#### Input data
■ ■ ■

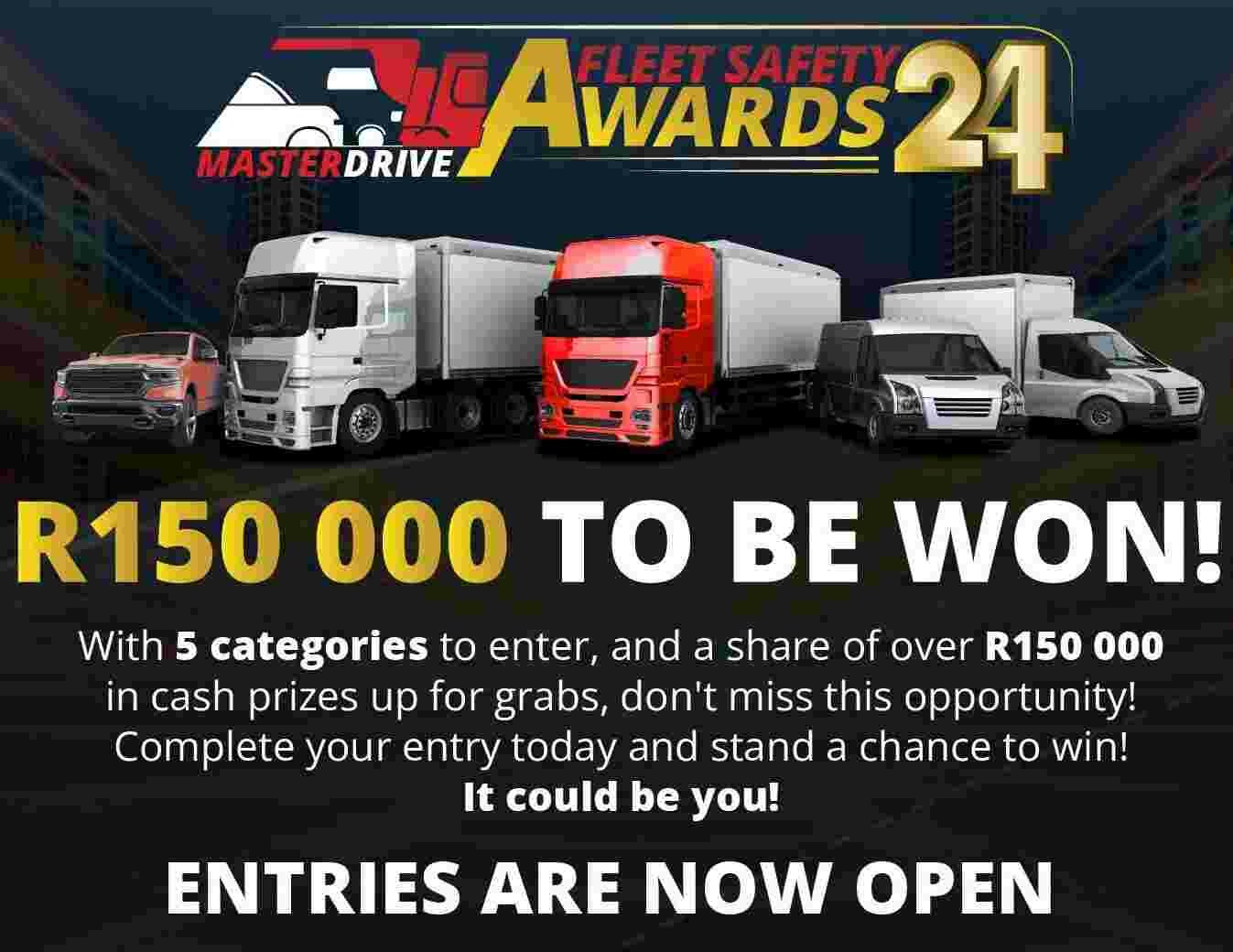 Which Fleet Safety Awards’ category fits? 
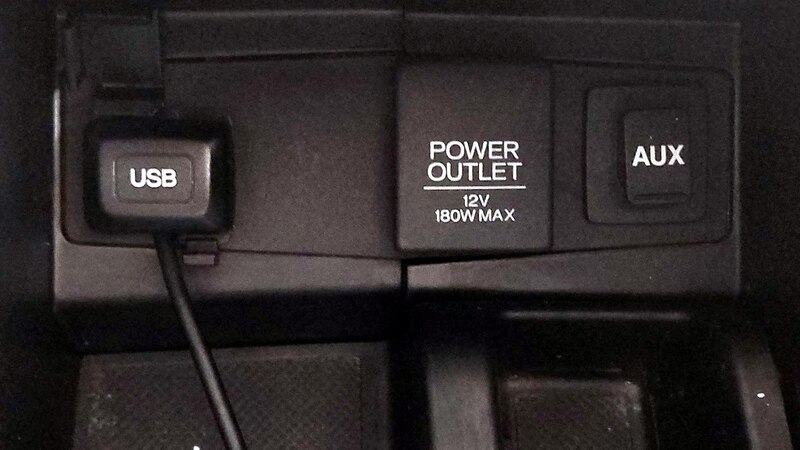 2014 Honda CR-V EX 18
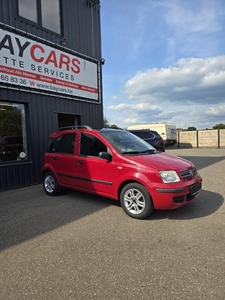 FIAT PANDA bwjaar 2008 1.2 ltr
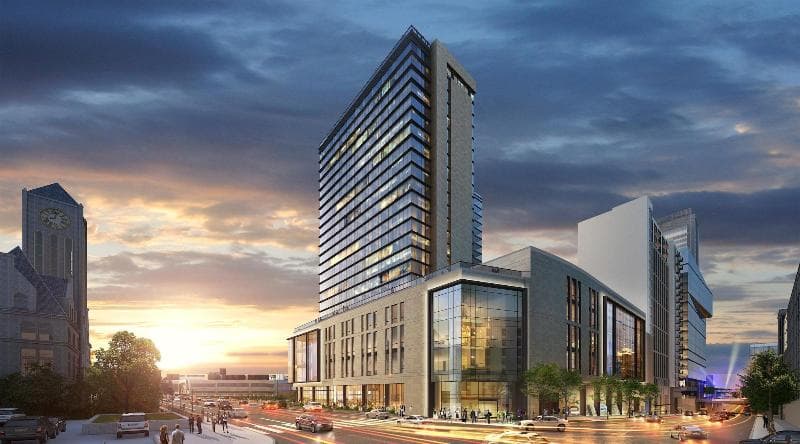 Grand Hyatt Nashville 3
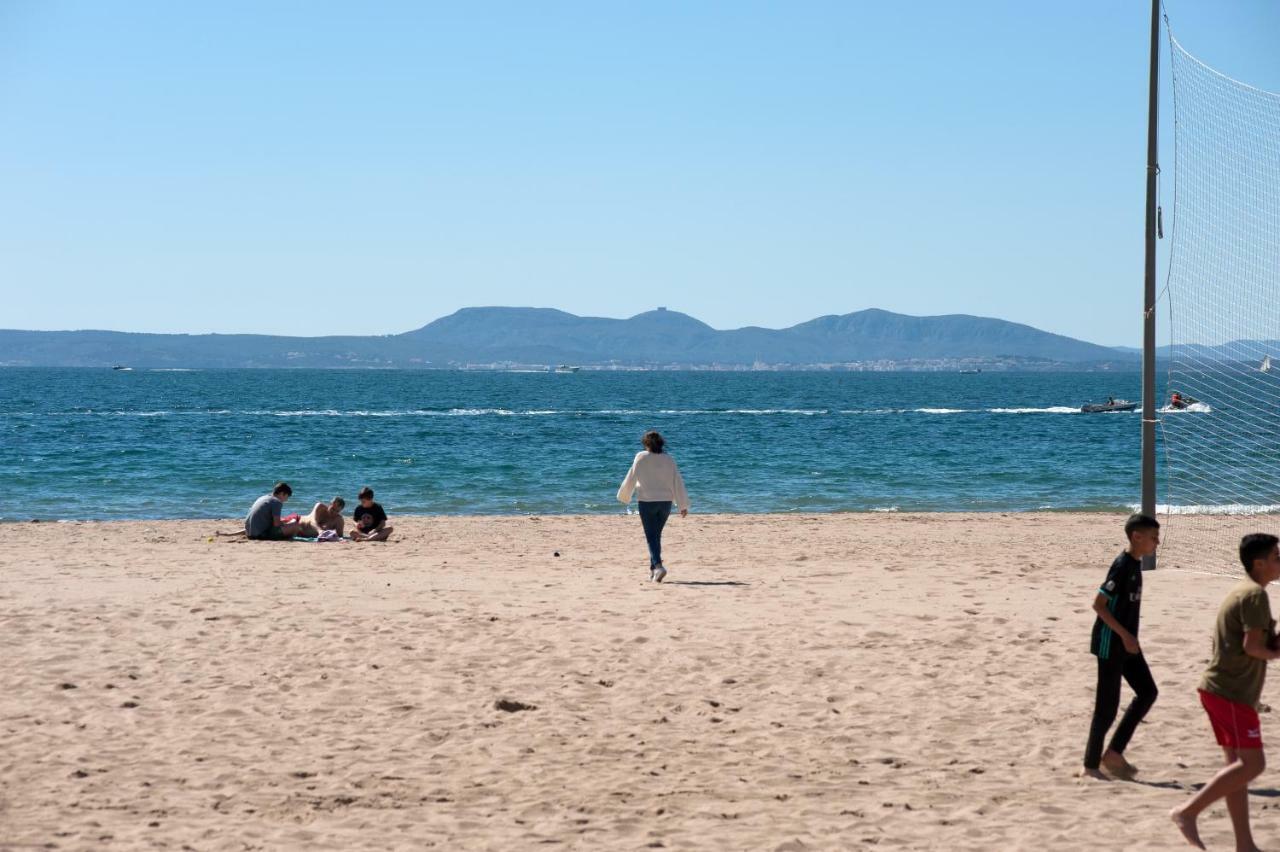 A Pie De Playa, Climatizado Y Parking Apartment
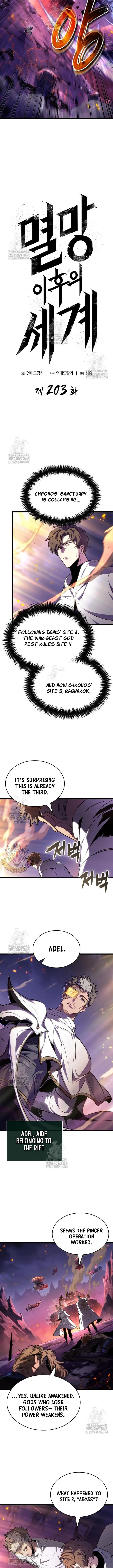 The Post-Destruction World Chapter 203 page 6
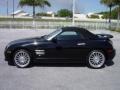2005 Black Chrysler Crossfire SRT-6 Roadster  photo #3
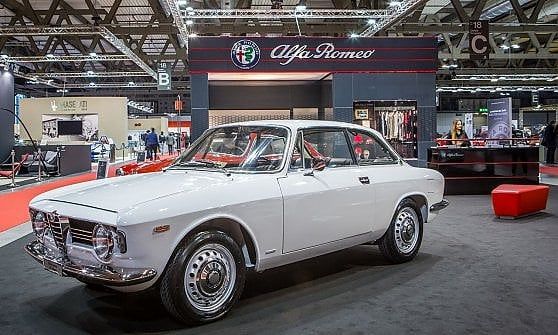Cofani aperti per il 40° compleanno del Museo Storico Alfa Romeo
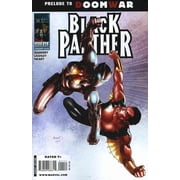 Black Panther 4th Series #11 VF ; Marvel Comic Book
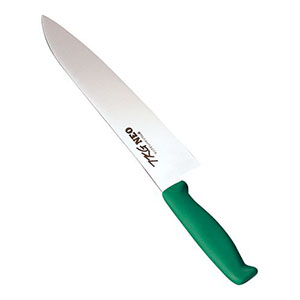 遠藤商事 TKG TKG TKG-NEO ネオ カラー 牛刀 18cm グリーン ATK8005 遠藤商事
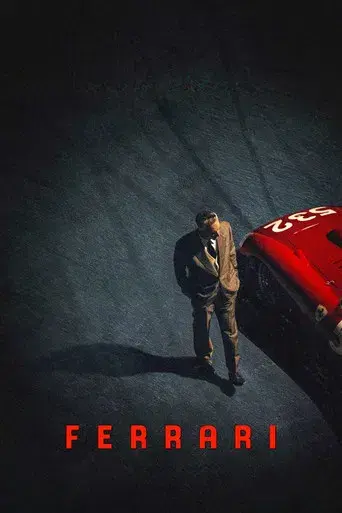 Ferrari - Poster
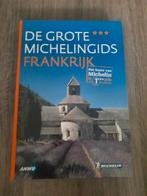 De grote Michelingids Frankrijk, Europa, Ophalen of Verzenden, Zo goed als nieuw, Reisgids of -boek
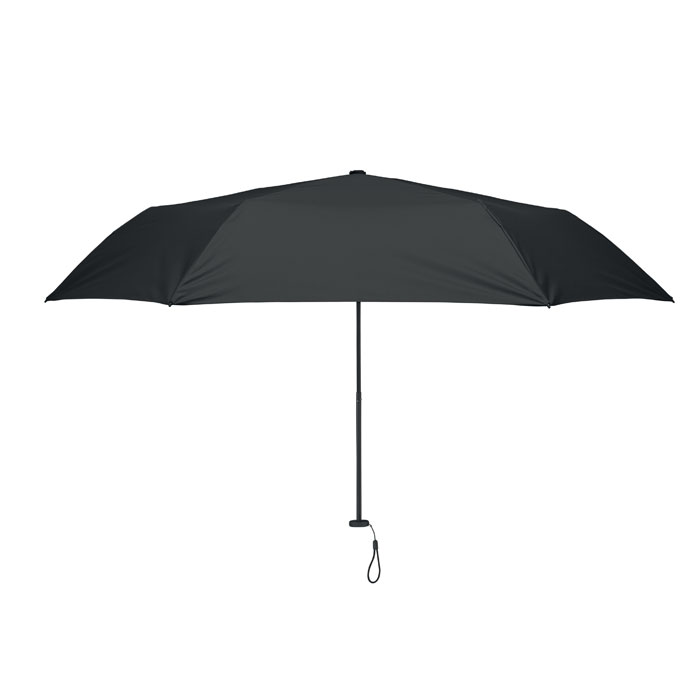 Ultraleichter Regenschirm - MINIBRELLA - schwarz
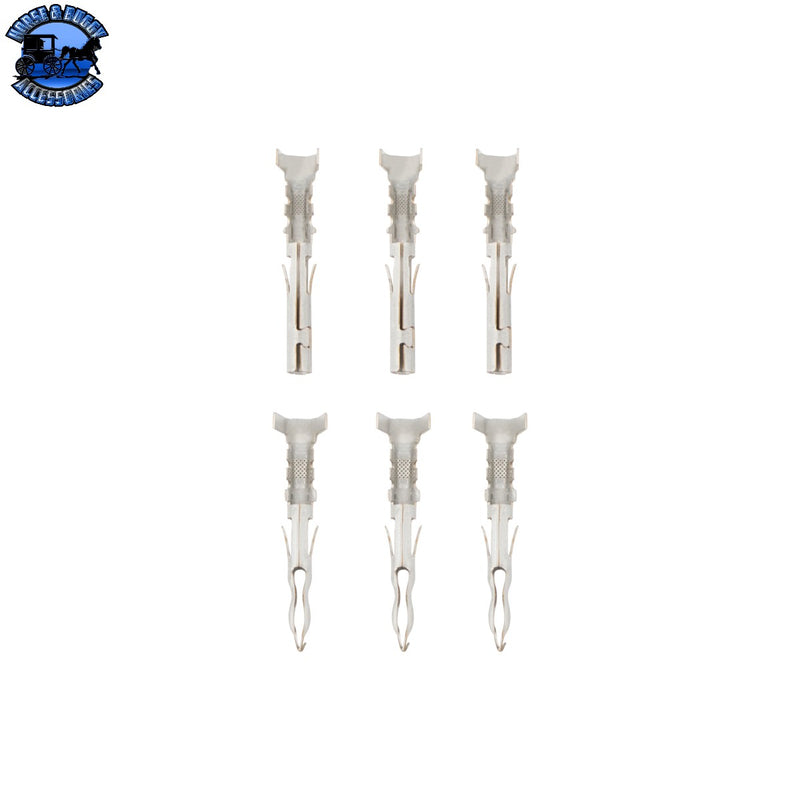 UP-98463 14-16 Three Cavity Weather Pak Connector Project Kit 1 Set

■ ■ ■

#### About this task
Starting at the line that contains "遠藤商事 TKG TKG", extract each line through the last line of the material exactly as written, and include no pictures.

#### Written response
 遠藤商事 TKG TKG TKG-NEO ネオ カラー 牛刀 18cm グリーン ATK8005 遠藤商事
 Ferrari - Poster
 De grote Michelingids Frankrijk, Europa, Ophalen of Verzenden, Zo goed als nieuw, Reisgids of -boek
 Ultraleichter Regenschirm - MINIBRELLA - schwarz
 UP-98463 14-16 Three Cavity Weather Pak Connector Project Kit 1 Set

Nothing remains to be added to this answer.